ACTION ITEM
Emit the line that holds "UNIVERSAL GENEVE 555.200 QUARTZ 18K金メッキ" and all lines following it through the end of the data, verbatim, and nothing else.

MATERIAL SHOWN
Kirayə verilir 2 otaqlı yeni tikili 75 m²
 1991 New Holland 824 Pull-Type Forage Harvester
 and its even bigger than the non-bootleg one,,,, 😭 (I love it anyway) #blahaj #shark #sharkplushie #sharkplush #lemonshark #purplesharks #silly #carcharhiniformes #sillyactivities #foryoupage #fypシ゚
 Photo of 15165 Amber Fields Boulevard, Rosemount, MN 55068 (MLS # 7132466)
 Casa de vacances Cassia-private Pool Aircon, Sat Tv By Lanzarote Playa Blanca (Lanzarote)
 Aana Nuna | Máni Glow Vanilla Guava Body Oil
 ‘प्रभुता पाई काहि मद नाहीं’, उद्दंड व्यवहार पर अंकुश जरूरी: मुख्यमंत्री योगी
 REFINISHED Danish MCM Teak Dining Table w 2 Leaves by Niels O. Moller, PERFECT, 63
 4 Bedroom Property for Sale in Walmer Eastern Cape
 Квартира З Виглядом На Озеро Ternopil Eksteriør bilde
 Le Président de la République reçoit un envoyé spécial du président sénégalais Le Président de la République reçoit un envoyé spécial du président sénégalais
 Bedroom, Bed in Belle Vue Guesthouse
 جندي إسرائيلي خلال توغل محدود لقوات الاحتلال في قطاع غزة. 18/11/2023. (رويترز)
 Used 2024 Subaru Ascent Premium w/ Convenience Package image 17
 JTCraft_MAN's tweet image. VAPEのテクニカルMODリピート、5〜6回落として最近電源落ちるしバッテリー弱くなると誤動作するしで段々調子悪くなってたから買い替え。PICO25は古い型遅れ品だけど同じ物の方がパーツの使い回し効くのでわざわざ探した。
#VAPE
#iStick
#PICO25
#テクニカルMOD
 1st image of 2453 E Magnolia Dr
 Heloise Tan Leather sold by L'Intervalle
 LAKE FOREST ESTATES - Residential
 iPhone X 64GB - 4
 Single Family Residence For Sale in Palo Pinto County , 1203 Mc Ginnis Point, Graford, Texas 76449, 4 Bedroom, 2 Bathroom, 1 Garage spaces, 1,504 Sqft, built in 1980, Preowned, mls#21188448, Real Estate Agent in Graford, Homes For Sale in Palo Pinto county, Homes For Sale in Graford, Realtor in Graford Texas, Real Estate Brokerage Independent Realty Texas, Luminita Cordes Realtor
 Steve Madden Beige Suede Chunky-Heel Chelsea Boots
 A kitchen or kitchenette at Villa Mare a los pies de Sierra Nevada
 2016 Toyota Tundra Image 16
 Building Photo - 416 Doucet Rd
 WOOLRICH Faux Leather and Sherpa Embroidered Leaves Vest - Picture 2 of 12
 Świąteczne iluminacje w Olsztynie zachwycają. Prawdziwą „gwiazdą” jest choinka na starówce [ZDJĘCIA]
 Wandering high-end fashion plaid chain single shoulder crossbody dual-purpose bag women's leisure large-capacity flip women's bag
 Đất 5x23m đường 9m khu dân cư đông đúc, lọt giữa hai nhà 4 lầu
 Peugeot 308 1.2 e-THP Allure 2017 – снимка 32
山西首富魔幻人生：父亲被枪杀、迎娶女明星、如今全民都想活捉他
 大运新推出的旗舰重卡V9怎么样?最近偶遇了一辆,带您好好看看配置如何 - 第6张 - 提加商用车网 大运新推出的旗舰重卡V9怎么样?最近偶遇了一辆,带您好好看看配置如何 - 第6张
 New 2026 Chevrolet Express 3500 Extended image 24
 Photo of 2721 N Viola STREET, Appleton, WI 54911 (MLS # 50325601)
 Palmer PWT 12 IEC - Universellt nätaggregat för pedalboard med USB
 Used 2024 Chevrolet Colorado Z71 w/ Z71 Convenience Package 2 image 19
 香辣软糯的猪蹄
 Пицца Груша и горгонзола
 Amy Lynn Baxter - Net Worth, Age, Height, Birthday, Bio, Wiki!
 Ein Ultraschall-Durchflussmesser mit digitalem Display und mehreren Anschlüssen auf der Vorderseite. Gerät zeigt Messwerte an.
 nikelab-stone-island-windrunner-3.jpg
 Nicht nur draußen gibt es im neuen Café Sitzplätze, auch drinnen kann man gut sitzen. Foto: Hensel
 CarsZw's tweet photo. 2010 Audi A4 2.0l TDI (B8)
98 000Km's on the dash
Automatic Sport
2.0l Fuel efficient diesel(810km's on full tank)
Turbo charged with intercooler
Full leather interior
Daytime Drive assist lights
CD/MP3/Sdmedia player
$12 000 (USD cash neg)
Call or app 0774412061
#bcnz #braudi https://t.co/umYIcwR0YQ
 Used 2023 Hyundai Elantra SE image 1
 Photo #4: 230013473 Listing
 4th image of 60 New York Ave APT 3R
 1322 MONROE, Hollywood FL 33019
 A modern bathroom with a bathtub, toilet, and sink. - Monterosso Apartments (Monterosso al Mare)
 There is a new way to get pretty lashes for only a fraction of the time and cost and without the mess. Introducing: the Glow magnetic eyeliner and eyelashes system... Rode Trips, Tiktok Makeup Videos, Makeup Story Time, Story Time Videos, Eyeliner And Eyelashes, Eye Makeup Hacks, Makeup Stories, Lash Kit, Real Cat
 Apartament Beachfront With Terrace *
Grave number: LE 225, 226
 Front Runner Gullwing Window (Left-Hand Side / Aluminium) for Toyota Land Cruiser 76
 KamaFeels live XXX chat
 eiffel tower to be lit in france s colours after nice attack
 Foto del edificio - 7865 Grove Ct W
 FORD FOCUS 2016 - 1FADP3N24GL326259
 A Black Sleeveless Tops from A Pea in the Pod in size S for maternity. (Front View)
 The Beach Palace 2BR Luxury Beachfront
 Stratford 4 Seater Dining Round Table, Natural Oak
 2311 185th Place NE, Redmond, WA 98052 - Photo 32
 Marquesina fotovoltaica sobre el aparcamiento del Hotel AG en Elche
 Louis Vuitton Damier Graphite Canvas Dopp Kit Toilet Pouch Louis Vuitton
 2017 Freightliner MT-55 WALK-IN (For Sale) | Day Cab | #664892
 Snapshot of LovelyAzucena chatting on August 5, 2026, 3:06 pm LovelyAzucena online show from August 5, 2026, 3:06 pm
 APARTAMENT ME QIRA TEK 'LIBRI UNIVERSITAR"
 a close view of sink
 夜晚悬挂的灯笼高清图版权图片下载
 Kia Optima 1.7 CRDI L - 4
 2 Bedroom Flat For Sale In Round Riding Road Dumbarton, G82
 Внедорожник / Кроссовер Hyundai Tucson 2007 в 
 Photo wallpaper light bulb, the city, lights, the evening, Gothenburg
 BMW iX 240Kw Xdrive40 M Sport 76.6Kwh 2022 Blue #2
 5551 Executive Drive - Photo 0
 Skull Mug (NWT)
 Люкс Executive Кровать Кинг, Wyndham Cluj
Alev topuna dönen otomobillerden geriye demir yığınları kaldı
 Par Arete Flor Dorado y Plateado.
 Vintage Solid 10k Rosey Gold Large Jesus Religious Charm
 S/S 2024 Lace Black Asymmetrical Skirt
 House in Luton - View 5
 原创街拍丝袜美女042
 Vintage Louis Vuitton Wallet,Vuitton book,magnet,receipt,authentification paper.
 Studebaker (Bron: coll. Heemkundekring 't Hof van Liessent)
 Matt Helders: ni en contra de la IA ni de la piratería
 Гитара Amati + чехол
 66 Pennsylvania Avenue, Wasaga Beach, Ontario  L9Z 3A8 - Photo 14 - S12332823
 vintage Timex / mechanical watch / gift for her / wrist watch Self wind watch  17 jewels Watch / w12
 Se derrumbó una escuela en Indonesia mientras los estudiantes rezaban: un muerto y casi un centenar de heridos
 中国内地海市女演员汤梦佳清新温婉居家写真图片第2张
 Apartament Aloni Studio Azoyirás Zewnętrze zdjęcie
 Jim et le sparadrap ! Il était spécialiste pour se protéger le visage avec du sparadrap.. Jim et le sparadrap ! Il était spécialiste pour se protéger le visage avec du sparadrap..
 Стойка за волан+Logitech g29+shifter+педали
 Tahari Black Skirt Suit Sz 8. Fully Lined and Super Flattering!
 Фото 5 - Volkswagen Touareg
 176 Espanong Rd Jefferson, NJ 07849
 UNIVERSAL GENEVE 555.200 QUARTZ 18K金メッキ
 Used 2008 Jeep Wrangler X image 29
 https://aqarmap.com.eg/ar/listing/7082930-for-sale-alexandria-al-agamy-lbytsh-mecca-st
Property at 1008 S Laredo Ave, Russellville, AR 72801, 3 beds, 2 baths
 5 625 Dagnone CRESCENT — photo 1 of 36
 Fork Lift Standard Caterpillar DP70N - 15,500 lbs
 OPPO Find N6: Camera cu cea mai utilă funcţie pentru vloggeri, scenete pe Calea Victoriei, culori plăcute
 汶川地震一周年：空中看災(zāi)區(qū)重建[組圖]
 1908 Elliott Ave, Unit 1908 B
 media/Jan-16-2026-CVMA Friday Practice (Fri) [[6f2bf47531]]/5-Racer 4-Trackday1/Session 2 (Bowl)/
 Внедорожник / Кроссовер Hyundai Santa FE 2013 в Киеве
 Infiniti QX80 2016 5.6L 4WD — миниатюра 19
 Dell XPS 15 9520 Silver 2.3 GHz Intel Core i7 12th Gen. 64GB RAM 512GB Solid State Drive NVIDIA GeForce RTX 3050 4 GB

WRITTEN ANSWER
 UNIVERSAL GENEVE 555.200 QUARTZ 18K金メッキ
 Used 2008 Jeep Wrangler X image 29
 https://aqarmap.com.eg/ar/listing/7082930-for-sale-alexandria-al-agamy-lbytsh-mecca-st
Property at 1008 S Laredo Ave, Russellville, AR 72801, 3 beds, 2 baths
 5 625 Dagnone CRESCENT — photo 1 of 36
 Fork Lift Standard Caterpillar DP70N - 15,500 lbs
 OPPO Find N6: Camera cu cea mai utilă funcţie pentru vloggeri, scenete pe Calea Victoriei, culori plăcute
 汶川地震一周年：空中看災(zāi)區(qū)重建[組圖]
 1908 Elliott Ave, Unit 1908 B
 media/Jan-16-2026-CVMA Friday Practice (Fri) [[6f2bf47531]]/5-Racer 4-Trackday1/Session 2 (Bowl)/
 Внедорожник / Кроссовер Hyundai Santa FE 2013 в Киеве
 Infiniti QX80 2016 5.6L 4WD — миниатюра 19
 Dell XPS 15 9520 Silver 2.3 GHz Intel Core i7 12th Gen. 64GB RAM 512GB Solid State Drive NVIDIA GeForce RTX 3050 4 GB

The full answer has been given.